- **WORK ITEM**:
Omit any pictures, and restate word for word only the lines from the one with "Super mario deluxe nintendo switch" through the end of the data below.

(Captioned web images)
━━━━
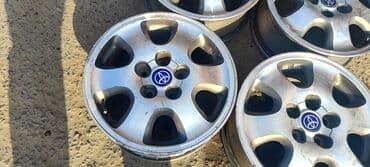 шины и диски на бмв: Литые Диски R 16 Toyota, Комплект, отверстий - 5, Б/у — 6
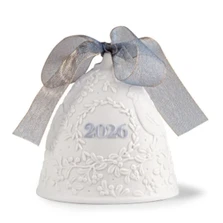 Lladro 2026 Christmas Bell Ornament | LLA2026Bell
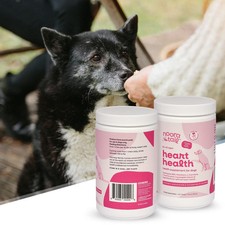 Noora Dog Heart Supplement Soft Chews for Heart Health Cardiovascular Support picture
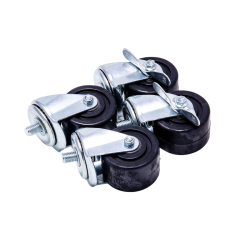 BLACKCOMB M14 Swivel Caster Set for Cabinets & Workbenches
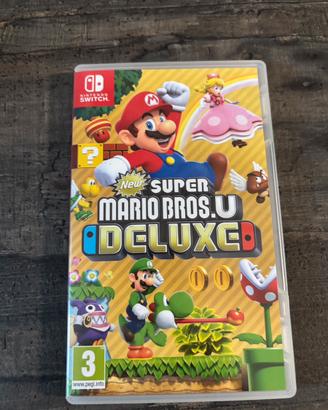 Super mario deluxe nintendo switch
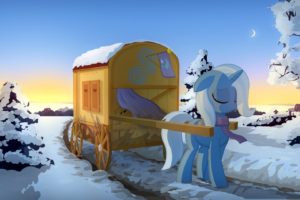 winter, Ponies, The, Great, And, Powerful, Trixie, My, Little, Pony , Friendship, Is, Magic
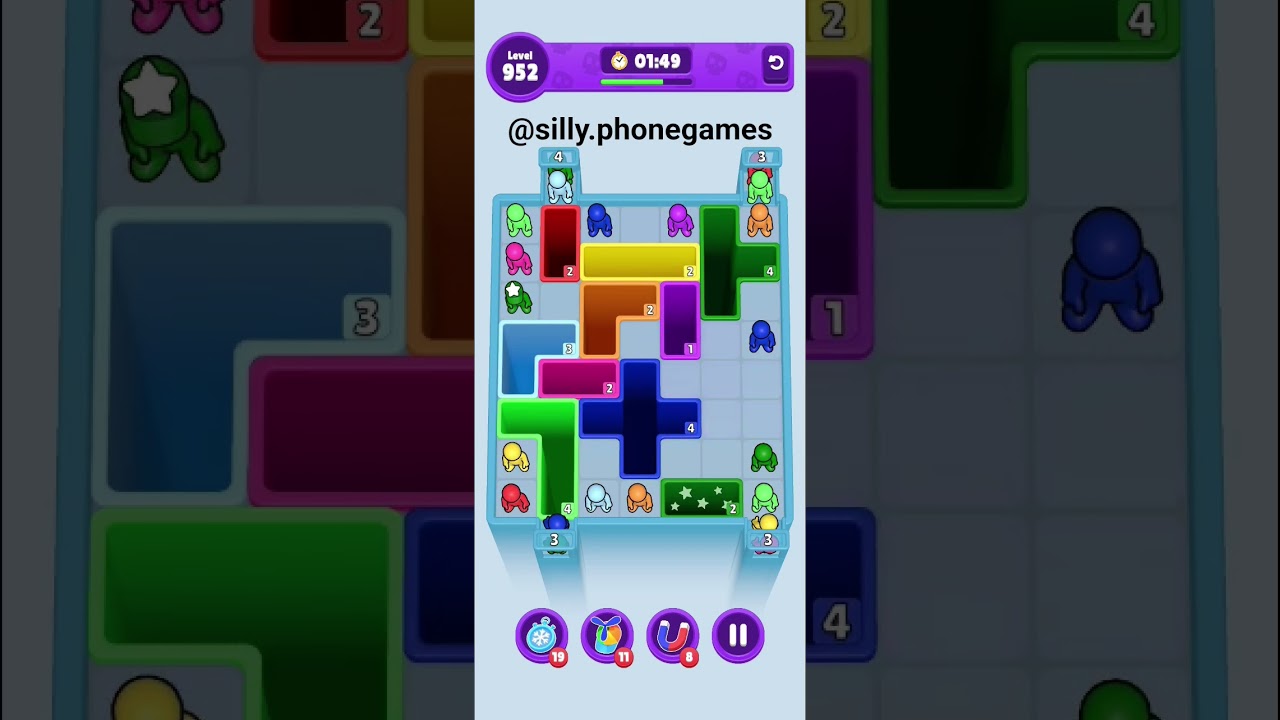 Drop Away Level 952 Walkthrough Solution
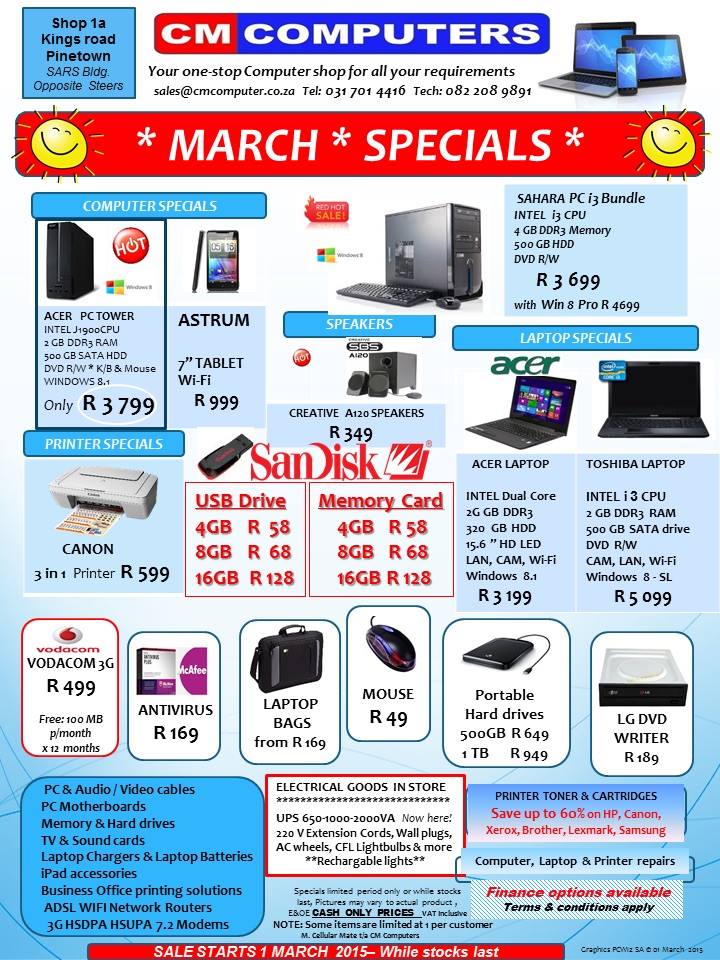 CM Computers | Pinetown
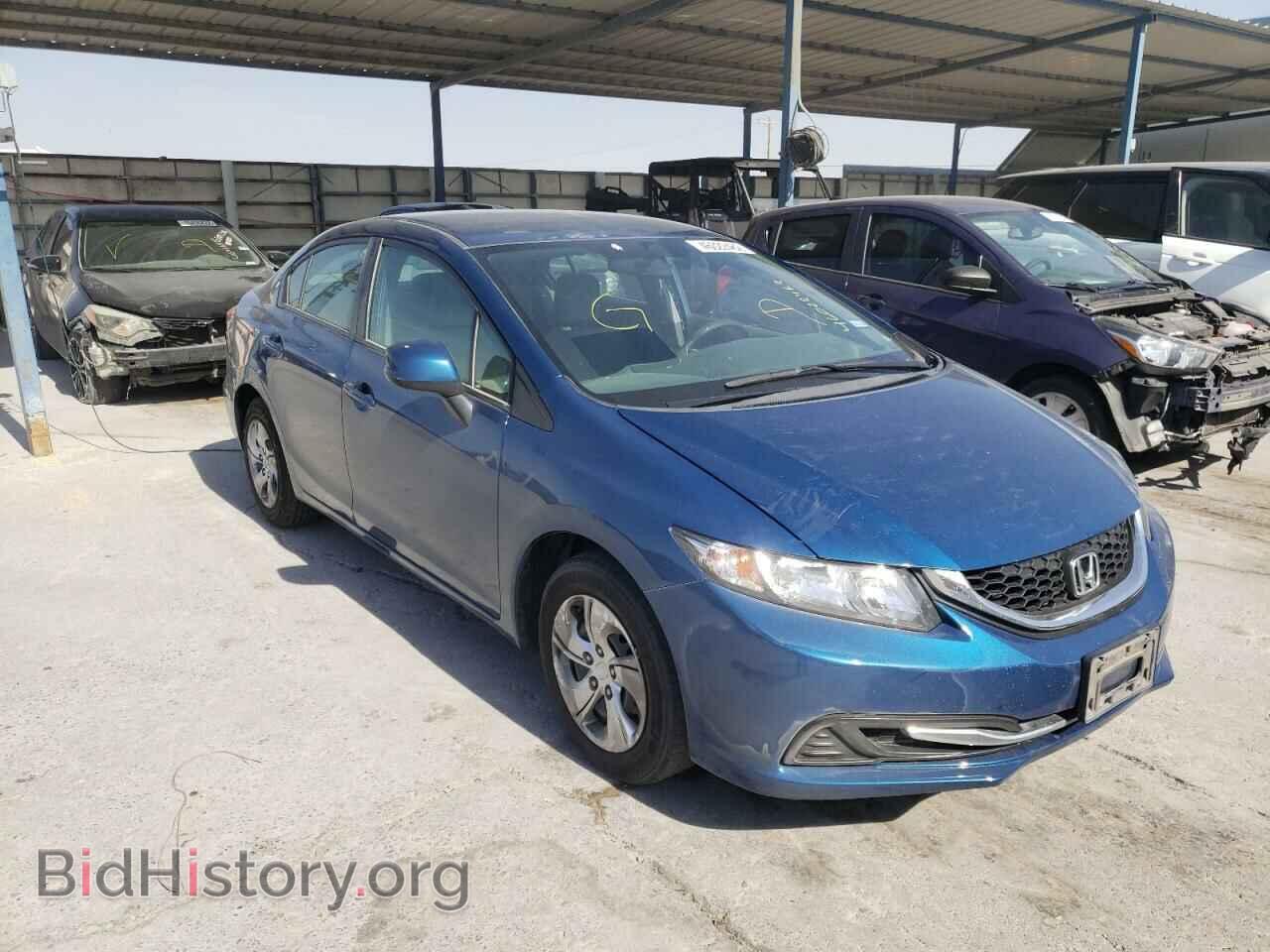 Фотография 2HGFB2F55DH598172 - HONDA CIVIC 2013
━━━━
- **FINISHED TASK**:
 Super mario deluxe nintendo switch
 winter, Ponies, The, Great, And, Powerful, Trixie, My, Little, Pony , Friendship, Is, Magic
 Drop Away Level 952 Walkthrough Solution
 CM Computers | Pinetown
 Фотография 2HGFB2F55DH598172 - HONDA CIVIC 2013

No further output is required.